1. There are n standard cargo sources. The i-th source provides a given amount of cargo.
2. There are m transit islands. Each island is split into two parts: an input part and an output part. An island can store at most \(w\) units of standard cargo at any time. The split is used to enforce this capacity.
3. Each island is allowed to receive cargo only from a certain subset of standard cargo sources. In other words, for each island, a list of allowed source indices is provided. (Special cargo are exempt from this restriction.)
4. Cargo is transported in shipments. Every shipment between two nodes (either from a source to an island or between two islands) is limited to at most \(d\) units and for each pair (sender, receiver) at most one shipment is allowed.
5. Cargo from standard sources must be eventually forwarded to the military base. However, only a designated subset of islands is allowed to deliver cargo directly to the base; for each such island the shipment capacity to the base is also limited to \(d\) units.
6. The islands are interconnected by e bidirectional sea routes. Each route connects two islands and has an associated cost \(v\). For any two islands, define \(K\) as the length of the shortest path (in terms of the sum of \(v\) values) between them. In the cargo network, if an island i ships cargo to island j, then it is required that \(K\le V\), where \(V\) is a global threshold. That is, you are allowed to use a shipment between islands i and j only if the shortest distance between them (computed over all islands) does not exceed \(V\).
7. The development cost of the entire shipping network is defined as the maximum \(K\) value among all island-to-island shipments used.

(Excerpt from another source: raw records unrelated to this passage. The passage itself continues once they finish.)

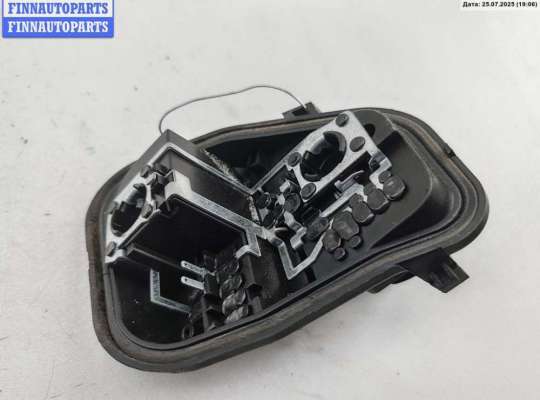 Плата фонаря заднего правого AU1547573 на Audi A6 C6 (2004-2011)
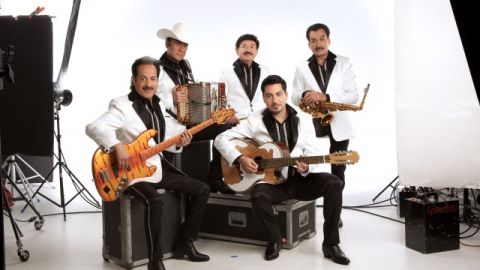 Los músicos pronunciarán algunas palabras, hará la cuenta regresiva y festejarán con un brindis.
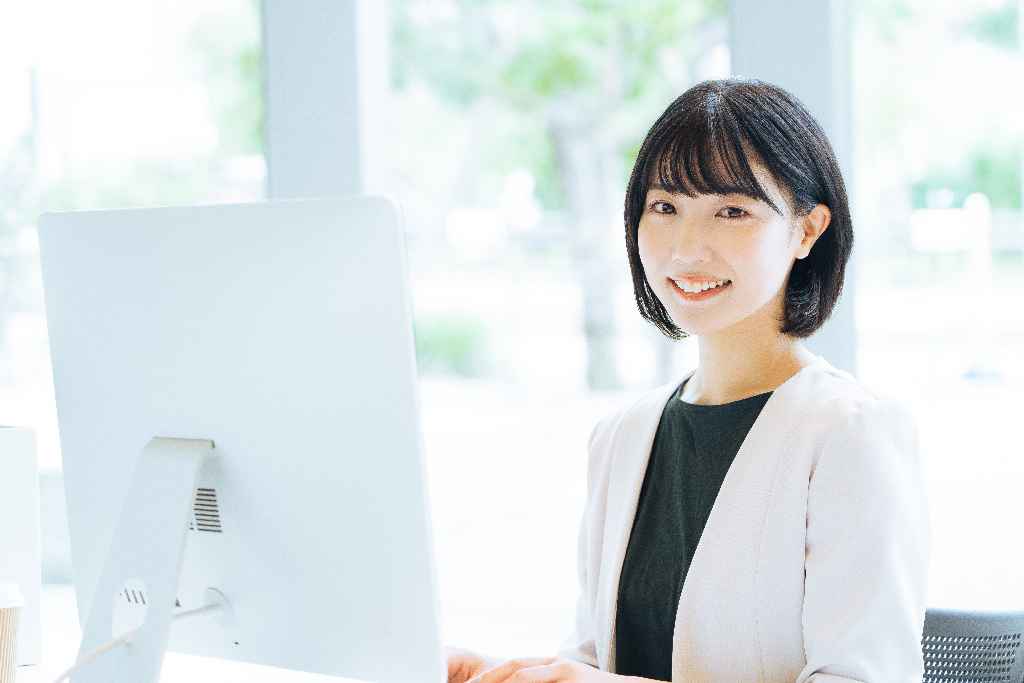 宅建は専門学校で取れる？独学・通信との違いと専門学校で学ぶメリットを解説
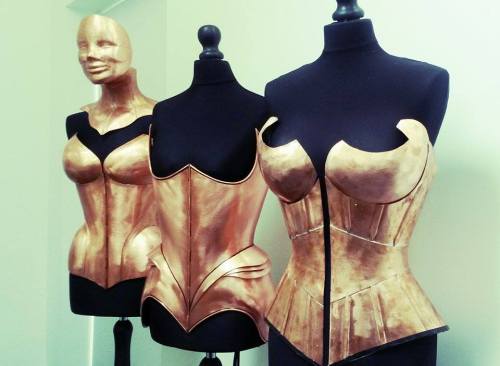 thelingerielesbian:redthreadedcostumes:steampunktendencies:Wearable corset made from copper tanks by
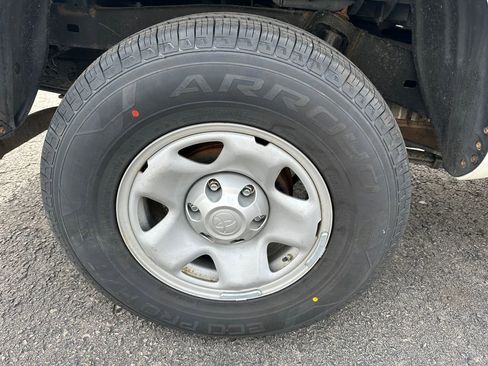 Used 2023 Toyota Tacoma SR image 33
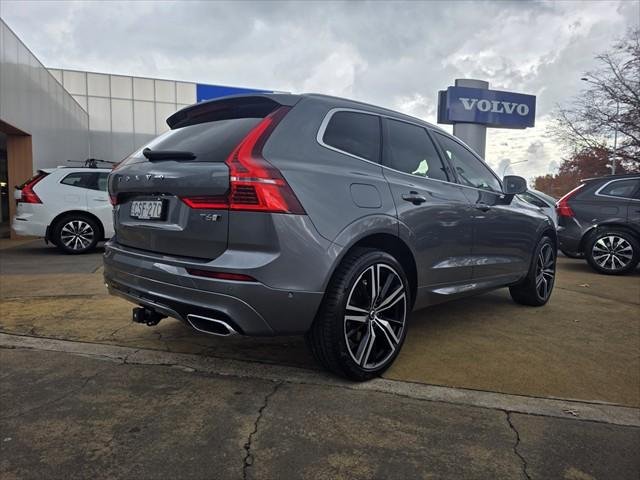 2017 Volvo XC60 T6 R-Design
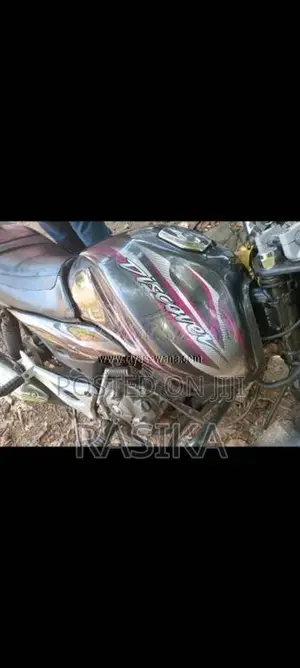 Bajaj Discover 125 2015 Motorbike (Used)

Your task is to choose the smallest possible \(V\) such that, by only allowing shipments between islands with \(K\le V\), all the standard cargo can be delivered to the military base obeying the above rules.

Input and Output Protocol

The problem is to compute the minimum \(V\) which enables a valid transportation plan for all standard cargo. (Special cargo is automatically delivered and does not need to be routed.)

Notes on Modeling: You may model the problem as a network flow problem. The network is constructed as follows (note that all shipments from a node to a node have a capacity of at most \(d\)):

• Create a source node S. For each standard cargo source, add an edge from S with capacity equal to the cargo amount at that source.
• For each island i (\(1\le i\le m\)), split it into two nodes: i_in and i_out with an edge from i_in to i_out of capacity \(w\). For each island, for every standard cargo source allowed to send to that island, add an edge from the corresponding cargo source node to i_in with capacity \(d\) (per shipment).
• For any two distinct islands i and j, if the shortest distance between them is \(\le V\), add an edge from i_out to j_in with capacity \(d\). (Shipments between islands are only possible if their shortest distance is at most \(V\).)
• For each island that is allowed to ship cargo directly to the military base, add an edge from its i_out to the sink node T with capacity \(d\).
• After constructing the network (which depends on \(V\)), check if the maximum flow from S to T is at least the total amount of standard cargo. (Remember: special cargo is delivered automatically and does not count.)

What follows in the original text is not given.